Chapter 1: The Sterile Cage

Chapter 1 · ~3.9k words

Chapter 1: The Sterile Cage

The baby monitor hummed. A digital heartbeat, steady and artificial. It was the only sound allowed in the house.

I lay perfectly still, staring at the ceiling fan slicing through the stagnant air. My throat felt lined with sandpaper. I needed water. Just a sip to crack the glue sealing my tongue to the roof of my mouth.

I shifted my weight to the left. Bad idea.

Fire laced across my lower abdomen. The C-section incision was a fresh, angry mouth sewn shut only four days ago, and every movement made it scream. I grit my teeth, waiting for the white-hot spikes to fade into a dull throb. When my breath returned, I looked at the nightstand.

The glass carafe was there. Sweating condensation. Cool. Perfect.

It was also three inches too far to the right.

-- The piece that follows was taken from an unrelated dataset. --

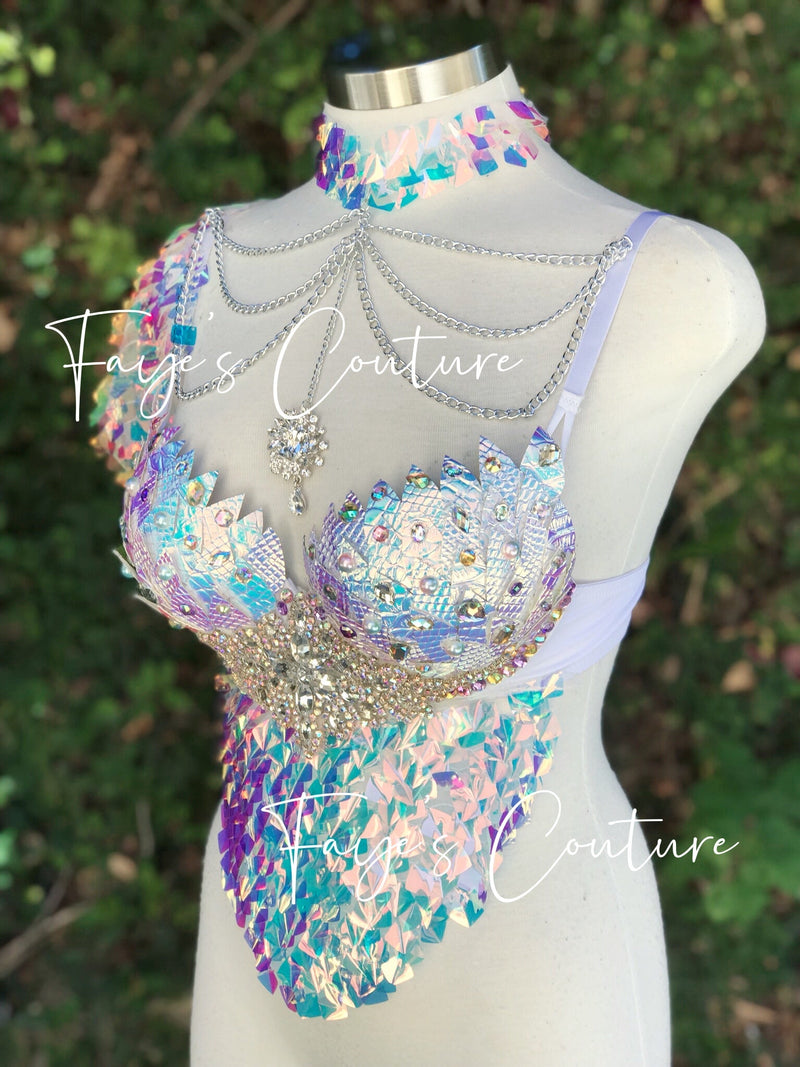 Iridescent White Unicorn outfit set with Choker, Rave wear, EDC, Music festival, Cosplay, Halloween costumes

I reached out, my fingers trembling. My fingertips brushed the cold glass, but I couldn't hook my fingers around the handle without sitting up, and sitting up felt impossible. Mark knew I couldn't reach this far. He had placed it there before he went downstairs to take a conference call. Or had he? My memory was Swiss cheese lately. Holes where the hours should be.

"Mark?"

My voice was a rusted hinge. I tried again, louder.

"Mark, please."

The baby monitor crackled, but no cry followed. Just the white noise of an empty nursery. Lily was asleep. I should be grateful. I should be sleeping too. That’s what everyone kept saying. *Sleep, Elara. You need to heal. You lost so much blood.*

The doorknob turned.

It moved slowly, silently, like someone testing the lock.

"Mark?" I rasped. "I can't reach the—"

The door swung open. It wasn't Mark.

Chloe stood in the frame, illuminated by the hallway sconces. She looked pristine. Her blonde hair was pulled back in a tight, efficient ponytail, and she wore one of those athleisure sets that cost more than my first car. She didn't look like a woman living out of a suitcase to help her brother’s invalid wife. She looked like she owned the place.

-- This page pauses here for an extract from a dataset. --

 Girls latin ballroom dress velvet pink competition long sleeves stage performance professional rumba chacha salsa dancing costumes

"Shh," she whispered, a finger to her lips. "You’ll wake the house, Elara."

She stepped inside and closed the door with a soft *click*.

"I need water," I said. "Please."

"Mark is finally sleeping on the couch," she said, her voice smooth and cool, like a stone from a river. "He’s exhausted. You know how hard he’s been working to cover the hospital bills."

The guilt hit me, practiced and immediate. I was the burden. The broken thing that needed fixing.

"I'm sorry," I whispered. "I just... I'm so thirsty."

Chloe glided to the bedside. She didn't look at the carafe. She looked at me, her eyes scanning my face with a clinical detachment that made me want to pull the duvet up to my chin.

"Hydration is important," she agreed. "But Dr. Thorne was very specific about the schedule. You’re overdue for your pain management. If we get behind, the agony comes back, remember?"

I remembered. The day after we got home, I missed a dose. I spent four hours sobbing into my pillow while Mark held my hand, looking terrified. I didn't want to go back there.

"Okay," I said. "Okay, just give me the water."

"Meds first."

She reached into the pocket of her joggers and pulled out a small paper cup.

"Open up," she said. It wasn't a request. She smiled, the kind of smile you give a toddler who refuses to eat their peas. "Then you can drink the whole pitcher if you want."

I struggled to push myself up on my elbows, the room spinning slightly. I held out my hand.

"I can do it," I said.

She hesitated, then tipped the cup into my palm.

"Don't drop it," she warned. "It's the last one until the refill comes tomorrow."

I looked down at my hand, ready to toss the pill back and wash it down with the promise of cold water. I knew my regimen. I’d been taking the same thing since the surgery. Percocet. A white, chalky oval.

I blinked, trying to clear the fog from my vision.

The pill in my palm wasn't white. It was yellow. Small, round, and unfamiliar.